SOAR team member spotlight: Coley Lemke

Coley Lemke and Bebop
Coley Lemke and Bebop, a lamb in her project; Coley adopted Bebop and shows her in competitions

Coley Lemke participated in the 2017 Science of Agriculture Challenge on a SOAR team coached by Kristin Digiulio. Coley’s team took home the Most Likely to Make a Difference award at the competition. Other team members were Kelby Drogemuller, a senior at Lakeville South High School, and Emilia Fredrickson, now a student at the University of St. Thomas.
Coley is an Inver Hills PSEO student from Lakeville South. She is taking classes full-time at the college. Her future career plans include working with horses, possibly in the area of equine nutrition.
“I will be going to the University of Wisconsin–River Falls next year to get my degree in Animal Science with an Equine Emphasis,” Coley said.

Coley Q & A

What was your SOAR team experience like?
It was amazing! I got to work on and research a topic that I cared about and that we chose, and I got to do it with a group of people who I knew were all equally as invested in it. This was refreshing compared to some of the group projects I’ve had to do in school where it was about a topic you didn’t care about and with a group who didn’t care. So, with all that, we actually had fun collecting data, making graphs and averaging numbers. And we all got to learn from one another and share our strengths and weaknesses.
What do you like best about the Science of Agriculture?
I loved how we got to work with topics or problems within the agricultural field and that we got to pick topics that affect our community. And even if you personally don’t raise livestock or grow crops, there’s so much more to agriculture that affects every single person in our community and on Earth. So it’s great that anyone can participate in it and have a connection to agriculture, and you don’t have to be a “farm kid.”

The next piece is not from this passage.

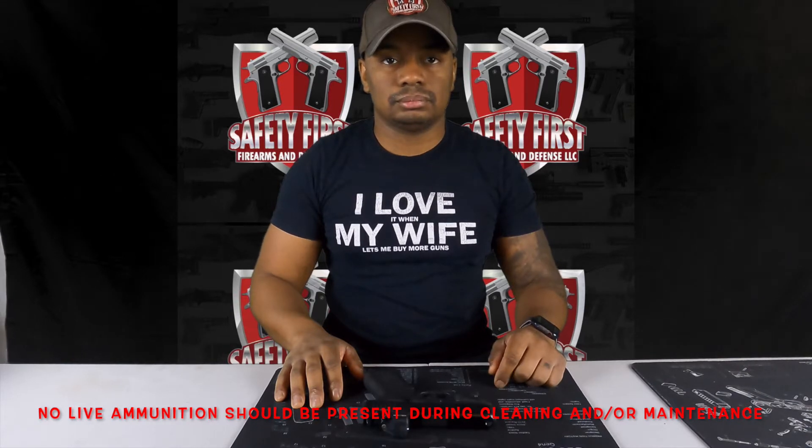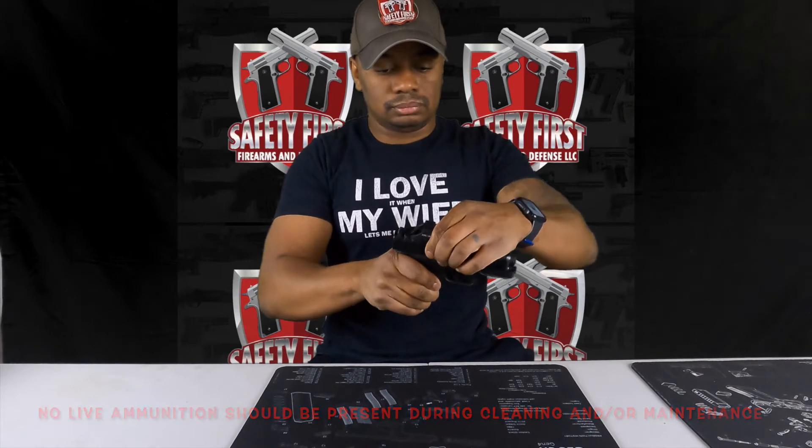Before we do any handling of our firearms we always want to make sure they are unloaded and safe. We're going to begin by examining the mag well. Next we're going to examine the chamber.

Kelby Drogemuller, Coley Lemke, Emilia Fredrickson
Kelby Drogemuller, Coley Lemke, Emilia Fredrickson

What was the nature and purpose of your SOAR team project?
Emilia, Kelby and I formed a team last fall and decided that we wanted to work on a project involving livestock and animal welfare. Emilia and I were planning on showing sheep the following year in 4-H, so we were both looking at breeders in our area. In this search, I came across the Dee Brothers LLC, local sheep breeders who had a very high-tech setup for feeding their bottle lambs (lambs who cannot feed off of their mother).
And that’s when we decided to partner with them and study the effectiveness of milk machines and track the weights and health of the lambs on the milk machine compared to their siblings feeding off of the ewe (mother sheep).
We went and weighed lambs weekly for more than three months and in the end collected all our data, calculated averages and graphs, and came to the conclusion that lambs off the milk machine were as healthy and profitable as their siblings on the ewe.
Once we finished our analysis, we presented quite a few times, including at the Inver Hills Annual Research Conference, the Regional SOAR Challenge, the State SOAR Challenge, and at our local Dakota County Fair.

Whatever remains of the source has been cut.